A key question about such policies is their fiscal cost. The Bolsa Familia program in Brazil costs only 0.4 percent of GDP and recent IMF work on China and Korea (Barnett and Brooks, 2010; and Feyzioglu, Skaarup, and Syed, 2008) argues that a minimum social safety net can be provided at low cost, with more comprehensive nets funded by broadening the tax base and increasing some taxes, along with reallocating existing spending. For many economies, introducing a general sales tax (or increasing the rate) and reducing poorly targeted fuel subsidies would be obvious candidates. Some policies may have no fiscal cost, such as unemployment insurance schemes with employee/employer contributions to individual accounts. Regarding education, in many cases, the challenge is to improve quality. Expanding pension provision could entail costs, but not necessarily if benefits are provided on a defined-contribution basis and contribution rates are increased.

Labor Market Reform

Inclusiveness also seems to be positively associated with the degree of employment protection and minimum wage levels, with South Asia and the NIEs having particularly low minimum wages (Figure 3.6). This is consistent with recent academic work that links rising inequality in advanced economies to weakened bargaining power of workers (for example, Levy and Temin, 2007). A comprehensive discussion of the impact of labor market institutions (for example, collective bargaining structures and dual labor markets) on the inclusiveness of growth is beyond the scope of this chapter; however, minimum wages are being increasingly advocated in the region to support the income of low-earning workers.14

Figure 3.6.Labor Market Institutions and Inclusiveness1

Sources: Lopez de Silanes and others (2004); World Bank, Doing Business database; and IMF staff estimates.
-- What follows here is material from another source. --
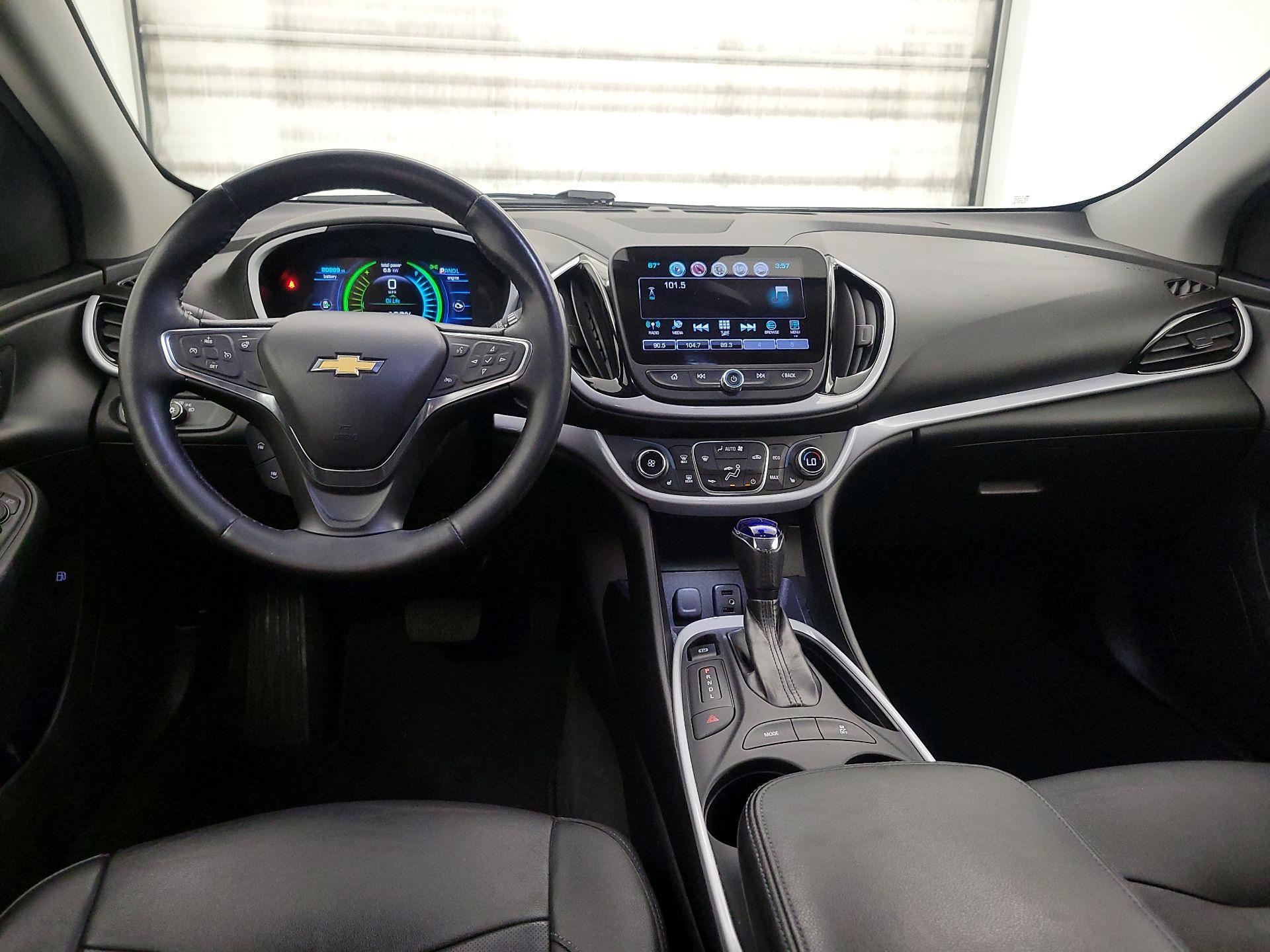 Thumbnail: 2017 Chevrolet Volt - 9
1 The yellow diamonds represent those countries whose inclusiveness coefficient has been estimated to be significantly different from one.

2 Other Asia here includes Cambodia, Malaysia, the Philippines, Thailand, and Vietnam.

Minimum wages are one of the most well-studied policies. Yet both theory and empirical evidence are largely ambiguous on their disemployment effects (Boeri and Van Ours, 2008). It is usually a matter of fine-tuning: set the rate too low and it has no impact, set it too high and it will have significant disemployment effects. Moreover, minimum wages usually work better in combination with benefits conditional on employment as they reinforce each other. In particular, while the latter may be a good way of providing targeted assistance and work incentives, if labor has limited voice, employers could use such benefits to drive down wages, which a minimum wage can help avoid (Gregg, 2000).

Other Policies

While financial development generally increases incomes of the poorest households (Claessens and Perotti, 2005), unequal access to financial markets can reduce it by impeding investments in human and physical capital. These barriers are widespread in Asia, with nearly 60 percent of the population in East Asia and 80 percent in South Asia lacking access to the formal financial system, and there is evidence that they worsened during the global crisis (Financial Access, 2010). Reforms such as promoting rural finance, extending microcredit, and expanding credit information sharing should significantly expand credit availability. Already, there are some promising initiatives underway in Asia, such as the microfinance institution (MFI) card in the Philippines.

Institutional reforms can also play an important role. Work by the IMF suggests that high and rising corruption increases inequality and poverty, including by reducing the progressivity of the tax system, the level and effectiveness of social spending, and the formation of human capital (Gupta, Davoodi, and Alonso-Terme, 1998). Across Asia, notably in China and India, corruption has been identified by governments as a key challenge in recent years, with governance and institutional reforms high on the agenda.